Tue, 06/19/2007 - 7:37am
Suppliers continue to introduce new high-speed data acquisition products that often exceed their users’ requirements for data streaming.

New high-definition TV (HDTV) products and a host of LCD (liquid crystal display) imaging applications continue to drive the technologies for faster high-speed data acquisition (DAQ) systems. PXI, a rugged PC platform for measurement and automation systems, has become one of the preferred testing systems for these applications due to their high performance, large array of modular available products, rugged industrial form-factor, and standardized acceptance.

National Instruments offers three high-speed PXI Express instruments, from left, the PXIe-5122, PXIe-6537, and PXIe-1065. Image: National Instruments
National Instruments (NI), Austin, Texas, a sponsoring member of the PXI Systems Alliance (www.pxisa.org), recently introduced the industry’s first PXI Express high-speed instruments, along with the industry’s first 18-slot PXI Express chassis. NI’s offerings in this arena include the NI PXIe-5122 100 MS/sec, 100 MHz dual-channel digitizer and the NI PXIe-6536/6537 25/50 MHz 32-channel digital I/O modules. NI’s PXIe-1065 18-slot chassis offers up to 1 GB/sec per-slot dedicated bandwidth and a combination of both PXI and PXI Express slots.
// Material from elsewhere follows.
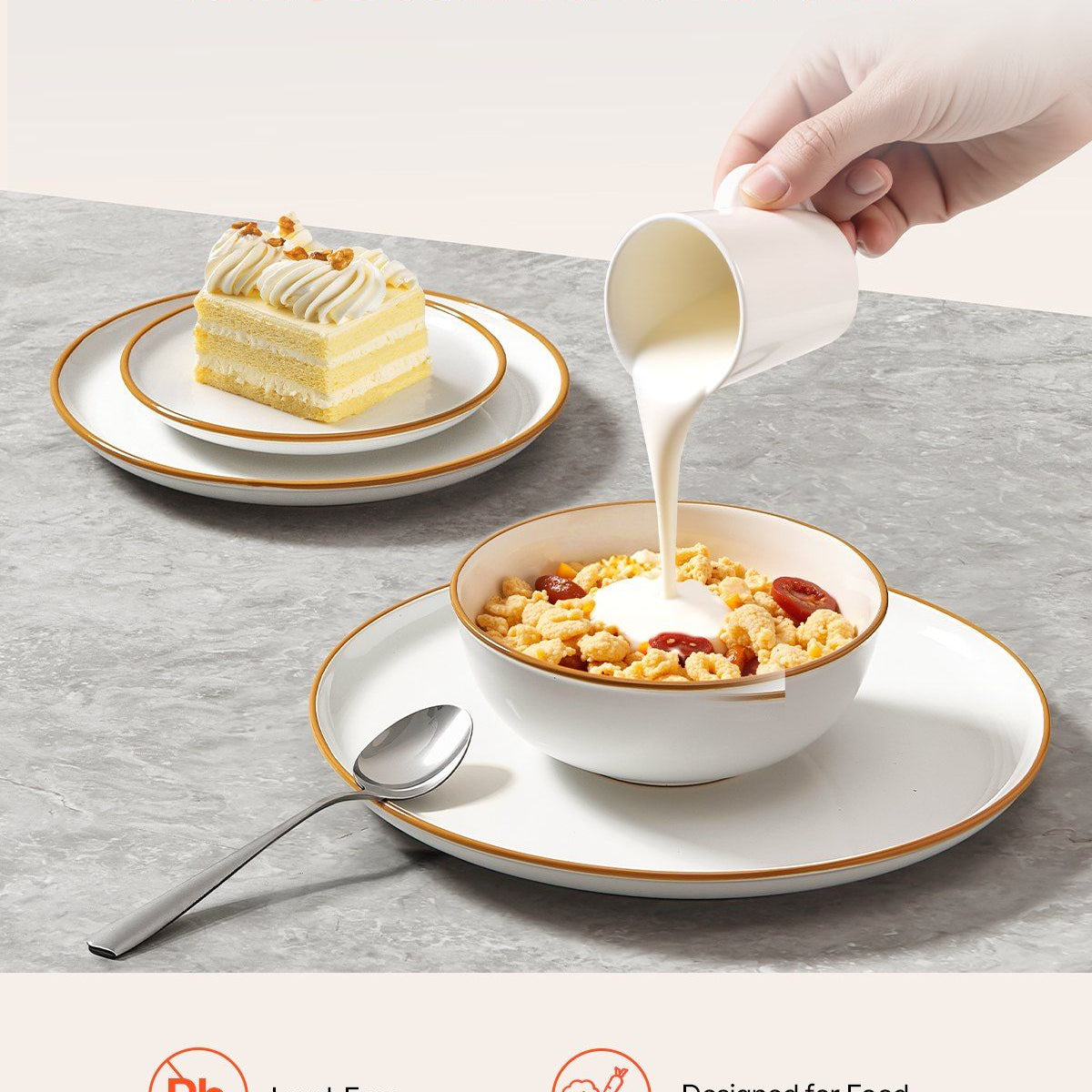 Person pouring milk into a bowl of cereal with a cake on a side plate, on a gray surface.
Besides video-based testing applications, these devices are also usable for signal intelligence, spectral monitoring, protocol emulations, semiconductor chip characterization, automotive crash testing, and aerospace systems monitoring—pretty much anywhere where large volumes of streaming data are generated.

The 50-MHz PXIe-6537digital I/O board has selectable voltages from 2.3 to 3.3 V and per-channel directional control of 32 digital lines. The board is based on NI’s DAQmx driver software and compatible with NI’s digital waveform generator so that users can interact with, create, edit, and import digital waveforms.
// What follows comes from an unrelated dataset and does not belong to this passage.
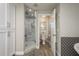 Bright bathroom with a glass shower door and wooden-look tile at 317 Old East Lake Rd, Tarpon Springs, FL 34688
The PXIe-5122 high-resolution digitizer is a x4 PXIe module that can stream the full data rate of 400 MB/sec to the PC memory, hard disk, or RAID. It has a large dynamic range, a software-selectable input, and the ability to acquire more than 1 million waveforms in onboard memory. More than 50 measurement and analysis functions are programmed directly from the driver and can be expanded to more than 400 with NI’s LabVIEW and LabWindows software systems.

At 400 MB/sec, the PXIe-5122 is streaming data on both of its channels at its maximum data rate. The dedicated per slot bandwidth available on PXIe enables multimodular systems to obtain higher aggregate data rates. High-speed data record and playback applications are possible using the host computer’s memory or high-end storage solutions.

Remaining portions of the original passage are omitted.